WHAT TO WORK ON — Nothing in the records may be altered; repeat them exactly.
INPUT Start Marker
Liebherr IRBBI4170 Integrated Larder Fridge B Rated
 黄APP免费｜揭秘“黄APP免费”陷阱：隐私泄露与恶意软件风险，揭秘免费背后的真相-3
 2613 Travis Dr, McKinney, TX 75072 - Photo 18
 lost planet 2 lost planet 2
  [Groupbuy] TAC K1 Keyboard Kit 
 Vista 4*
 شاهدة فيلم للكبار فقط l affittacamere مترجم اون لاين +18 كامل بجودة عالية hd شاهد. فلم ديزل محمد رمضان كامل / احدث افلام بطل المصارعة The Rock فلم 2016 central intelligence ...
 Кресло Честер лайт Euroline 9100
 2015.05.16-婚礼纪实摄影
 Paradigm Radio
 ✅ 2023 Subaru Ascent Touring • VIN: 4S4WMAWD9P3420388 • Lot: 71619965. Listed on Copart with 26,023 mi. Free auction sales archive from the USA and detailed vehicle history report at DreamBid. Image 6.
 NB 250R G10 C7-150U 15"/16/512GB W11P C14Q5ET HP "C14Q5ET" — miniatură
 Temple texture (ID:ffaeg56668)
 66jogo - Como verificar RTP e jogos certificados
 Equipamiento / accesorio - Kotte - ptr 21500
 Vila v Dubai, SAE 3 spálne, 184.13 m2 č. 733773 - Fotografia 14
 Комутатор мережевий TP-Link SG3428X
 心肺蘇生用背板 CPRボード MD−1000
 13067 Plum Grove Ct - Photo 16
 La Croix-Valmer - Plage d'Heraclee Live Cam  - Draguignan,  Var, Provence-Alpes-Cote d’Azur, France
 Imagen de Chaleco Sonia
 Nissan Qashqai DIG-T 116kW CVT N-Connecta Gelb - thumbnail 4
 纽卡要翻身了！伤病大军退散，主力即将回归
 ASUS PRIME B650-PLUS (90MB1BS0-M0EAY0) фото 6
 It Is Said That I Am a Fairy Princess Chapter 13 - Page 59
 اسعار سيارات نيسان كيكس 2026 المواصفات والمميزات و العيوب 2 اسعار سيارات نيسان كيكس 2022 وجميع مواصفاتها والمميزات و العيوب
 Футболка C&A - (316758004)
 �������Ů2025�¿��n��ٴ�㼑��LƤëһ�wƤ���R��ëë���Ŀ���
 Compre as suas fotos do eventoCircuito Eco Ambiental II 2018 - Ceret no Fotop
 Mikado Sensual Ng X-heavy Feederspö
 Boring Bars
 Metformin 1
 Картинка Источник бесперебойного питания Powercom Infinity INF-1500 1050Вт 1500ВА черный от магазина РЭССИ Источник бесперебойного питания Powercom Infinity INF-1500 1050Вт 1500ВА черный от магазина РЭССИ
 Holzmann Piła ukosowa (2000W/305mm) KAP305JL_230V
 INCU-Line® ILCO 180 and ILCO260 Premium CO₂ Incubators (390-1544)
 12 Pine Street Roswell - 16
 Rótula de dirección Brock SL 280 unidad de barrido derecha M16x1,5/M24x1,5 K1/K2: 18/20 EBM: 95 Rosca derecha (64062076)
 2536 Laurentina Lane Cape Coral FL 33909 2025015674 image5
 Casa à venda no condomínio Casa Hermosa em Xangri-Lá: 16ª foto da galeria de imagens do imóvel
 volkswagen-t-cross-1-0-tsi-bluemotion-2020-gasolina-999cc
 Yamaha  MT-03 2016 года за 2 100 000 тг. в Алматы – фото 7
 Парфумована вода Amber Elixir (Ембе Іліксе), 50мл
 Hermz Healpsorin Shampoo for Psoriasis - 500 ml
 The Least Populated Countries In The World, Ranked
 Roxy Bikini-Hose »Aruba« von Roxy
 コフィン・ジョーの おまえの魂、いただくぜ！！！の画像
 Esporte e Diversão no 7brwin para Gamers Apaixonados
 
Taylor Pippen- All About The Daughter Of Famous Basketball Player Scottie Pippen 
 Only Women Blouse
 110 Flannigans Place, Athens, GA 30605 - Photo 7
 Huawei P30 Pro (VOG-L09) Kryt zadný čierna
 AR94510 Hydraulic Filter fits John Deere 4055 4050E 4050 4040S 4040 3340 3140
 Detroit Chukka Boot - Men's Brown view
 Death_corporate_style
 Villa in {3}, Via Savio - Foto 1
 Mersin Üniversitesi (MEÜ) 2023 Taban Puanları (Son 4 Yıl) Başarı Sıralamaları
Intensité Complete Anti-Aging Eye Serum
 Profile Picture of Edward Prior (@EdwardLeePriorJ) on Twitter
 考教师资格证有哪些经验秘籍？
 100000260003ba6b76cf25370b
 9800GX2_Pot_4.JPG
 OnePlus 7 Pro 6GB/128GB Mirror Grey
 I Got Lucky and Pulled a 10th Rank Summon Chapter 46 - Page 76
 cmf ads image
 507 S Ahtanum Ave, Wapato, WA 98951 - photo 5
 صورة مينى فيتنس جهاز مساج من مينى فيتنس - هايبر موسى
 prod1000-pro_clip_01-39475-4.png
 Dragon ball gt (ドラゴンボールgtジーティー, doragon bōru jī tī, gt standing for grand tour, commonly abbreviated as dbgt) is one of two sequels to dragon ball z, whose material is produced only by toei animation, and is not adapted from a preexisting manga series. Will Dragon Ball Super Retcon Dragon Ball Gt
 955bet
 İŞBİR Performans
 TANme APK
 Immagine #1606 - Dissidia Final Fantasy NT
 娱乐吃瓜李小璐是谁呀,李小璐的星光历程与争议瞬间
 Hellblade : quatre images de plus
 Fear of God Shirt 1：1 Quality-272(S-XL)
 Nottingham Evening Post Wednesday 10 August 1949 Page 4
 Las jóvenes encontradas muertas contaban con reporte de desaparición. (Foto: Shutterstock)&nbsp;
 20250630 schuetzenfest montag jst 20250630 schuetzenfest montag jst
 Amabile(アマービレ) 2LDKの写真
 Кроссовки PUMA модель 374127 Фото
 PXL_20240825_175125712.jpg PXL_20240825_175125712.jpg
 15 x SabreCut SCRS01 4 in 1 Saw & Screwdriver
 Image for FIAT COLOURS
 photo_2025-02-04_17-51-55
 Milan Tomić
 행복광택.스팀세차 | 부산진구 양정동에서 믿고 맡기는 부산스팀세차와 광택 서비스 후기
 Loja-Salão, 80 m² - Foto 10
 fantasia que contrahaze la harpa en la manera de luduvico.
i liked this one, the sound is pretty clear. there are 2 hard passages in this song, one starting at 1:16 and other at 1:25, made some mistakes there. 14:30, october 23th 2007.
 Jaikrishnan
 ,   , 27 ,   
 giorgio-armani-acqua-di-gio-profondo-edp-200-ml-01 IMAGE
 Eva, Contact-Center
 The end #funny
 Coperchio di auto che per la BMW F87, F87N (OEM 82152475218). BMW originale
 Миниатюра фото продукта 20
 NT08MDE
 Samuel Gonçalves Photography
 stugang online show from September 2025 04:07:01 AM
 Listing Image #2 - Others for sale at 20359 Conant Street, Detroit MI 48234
INPUT End Marker
REPLY —
Liebherr IRBBI4170 Integrated Larder Fridge B Rated
 黄APP免费｜揭秘“黄APP免费”陷阱：隐私泄露与恶意软件风险，揭秘免费背后的真相-3
 2613 Travis Dr, McKinney, TX 75072 - Photo 18
 lost planet 2 lost planet 2
  [Groupbuy] TAC K1 Keyboard Kit 
 Vista 4*
 شاهدة فيلم للكبار فقط l affittacamere مترجم اون لاين +18 كامل بجودة عالية hd شاهد. فلم ديزل محمد رمضان كامل / احدث افلام بطل المصارعة The Rock فلم 2016 central intelligence ...
 Кресло Честер лайт Euroline 9100
 2015.05.16-婚礼纪实摄影
 Paradigm Radio
 ✅ 2023 Subaru Ascent Touring • VIN: 4S4WMAWD9P3420388 • Lot: 71619965. Listed on Copart with 26,023 mi. Free auction sales archive from the USA and detailed vehicle history report at DreamBid. Image 6.
 NB 250R G10 C7-150U 15"/16/512GB W11P C14Q5ET HP "C14Q5ET" — miniatură
 Temple texture (ID:ffaeg56668)
 66jogo - Como verificar RTP e jogos certificados
 Equipamiento / accesorio - Kotte - ptr 21500
 Vila v Dubai, SAE 3 spálne, 184.13 m2 č. 733773 - Fotografia 14
 Комутатор мережевий TP-Link SG3428X
 心肺蘇生用背板 CPRボード MD−1000
 13067 Plum Grove Ct - Photo 16
 La Croix-Valmer - Plage d'Heraclee Live Cam  - Draguignan,  Var, Provence-Alpes-Cote d’Azur, France
 Imagen de Chaleco Sonia
 Nissan Qashqai DIG-T 116kW CVT N-Connecta Gelb - thumbnail 4
 纽卡要翻身了！伤病大军退散，主力即将回归
 ASUS PRIME B650-PLUS (90MB1BS0-M0EAY0) фото 6
 It Is Said That I Am a Fairy Princess Chapter 13 - Page 59
 اسعار سيارات نيسان كيكس 2026 المواصفات والمميزات و العيوب 2 اسعار سيارات نيسان كيكس 2022 وجميع مواصفاتها والمميزات و العيوب
 Футболка C&A - (316758004)
 �������Ů2025�¿��n��ٴ�㼑��LƤëһ�wƤ���R��ëë���Ŀ���
 Compre as suas fotos do eventoCircuito Eco Ambiental II 2018 - Ceret no Fotop
 Mikado Sensual Ng X-heavy Feederspö
 Boring Bars
 Metformin 1
 Картинка Источник бесперебойного питания Powercom Infinity INF-1500 1050Вт 1500ВА черный от магазина РЭССИ Источник бесперебойного питания Powercom Infinity INF-1500 1050Вт 1500ВА черный от магазина РЭССИ
 Holzmann Piła ukosowa (2000W/305mm) KAP305JL_230V
 INCU-Line® ILCO 180 and ILCO260 Premium CO₂ Incubators (390-1544)
 12 Pine Street Roswell - 16
 Rótula de dirección Brock SL 280 unidad de barrido derecha M16x1,5/M24x1,5 K1/K2: 18/20 EBM: 95 Rosca derecha (64062076)
 2536 Laurentina Lane Cape Coral FL 33909 2025015674 image5
 Casa à venda no condomínio Casa Hermosa em Xangri-Lá: 16ª foto da galeria de imagens do imóvel
 volkswagen-t-cross-1-0-tsi-bluemotion-2020-gasolina-999cc
 Yamaha  MT-03 2016 года за 2 100 000 тг. в Алматы – фото 7
 Парфумована вода Amber Elixir (Ембе Іліксе), 50мл
 Hermz Healpsorin Shampoo for Psoriasis - 500 ml
 The Least Populated Countries In The World, Ranked
 Roxy Bikini-Hose »Aruba« von Roxy
 コフィン・ジョーの おまえの魂、いただくぜ！！！の画像
 Esporte e Diversão no 7brwin para Gamers Apaixonados
 
Taylor Pippen- All About The Daughter Of Famous Basketball Player Scottie Pippen 
 Only Women Blouse
 110 Flannigans Place, Athens, GA 30605 - Photo 7
 Huawei P30 Pro (VOG-L09) Kryt zadný čierna
 AR94510 Hydraulic Filter fits John Deere 4055 4050E 4050 4040S 4040 3340 3140
 Detroit Chukka Boot - Men's Brown view
 Death_corporate_style
 Villa in {3}, Via Savio - Foto 1
 Mersin Üniversitesi (MEÜ) 2023 Taban Puanları (Son 4 Yıl) Başarı Sıralamaları
Intensité Complete Anti-Aging Eye Serum
 Profile Picture of Edward Prior (@EdwardLeePriorJ) on Twitter
 考教师资格证有哪些经验秘籍？
 100000260003ba6b76cf25370b
 9800GX2_Pot_4.JPG
 OnePlus 7 Pro 6GB/128GB Mirror Grey
 I Got Lucky and Pulled a 10th Rank Summon Chapter 46 - Page 76
 cmf ads image
 507 S Ahtanum Ave, Wapato, WA 98951 - photo 5
 صورة مينى فيتنس جهاز مساج من مينى فيتنس - هايبر موسى
 prod1000-pro_clip_01-39475-4.png
 Dragon ball gt (ドラゴンボールgtジーティー, doragon bōru jī tī, gt standing for grand tour, commonly abbreviated as dbgt) is one of two sequels to dragon ball z, whose material is produced only by toei animation, and is not adapted from a preexisting manga series. Will Dragon Ball Super Retcon Dragon Ball Gt
 955bet
 İŞBİR Performans
 TANme APK
 Immagine #1606 - Dissidia Final Fantasy NT
 娱乐吃瓜李小璐是谁呀,李小璐的星光历程与争议瞬间
 Hellblade : quatre images de plus
 Fear of God Shirt 1：1 Quality-272(S-XL)
 Nottingham Evening Post Wednesday 10 August 1949 Page 4
 Las jóvenes encontradas muertas contaban con reporte de desaparición. (Foto: Shutterstock)&nbsp;
 20250630 schuetzenfest montag jst 20250630 schuetzenfest montag jst
 Amabile(アマービレ) 2LDKの写真
 Кроссовки PUMA модель 374127 Фото
 PXL_20240825_175125712.jpg PXL_20240825_175125712.jpg
 15 x SabreCut SCRS01 4 in 1 Saw & Screwdriver
 Image for FIAT COLOURS
 photo_2025-02-04_17-51-55
 Milan Tomić
 행복광택.스팀세차 | 부산진구 양정동에서 믿고 맡기는 부산스팀세차와 광택 서비스 후기
 Loja-Salão, 80 m² - Foto 10
 fantasia que contrahaze la harpa en la manera de luduvico.
i liked this one, the sound is pretty clear. there are 2 hard passages in this song, one starting at 1:16 and other at 1:25, made some mistakes there. 14:30, october 23th 2007.
 Jaikrishnan
 ,   , 27 ,   
 giorgio-armani-acqua-di-gio-profondo-edp-200-ml-01 IMAGE
 Eva, Contact-Center
 The end #funny
 Coperchio di auto che per la BMW F87, F87N (OEM 82152475218). BMW originale
 Миниатюра фото продукта 20
 NT08MDE
 Samuel Gonçalves Photography
 stugang online show from September 2025 04:07:01 AM
 Listing Image #2 - Others for sale at 20359 Conant Street, Detroit MI 48234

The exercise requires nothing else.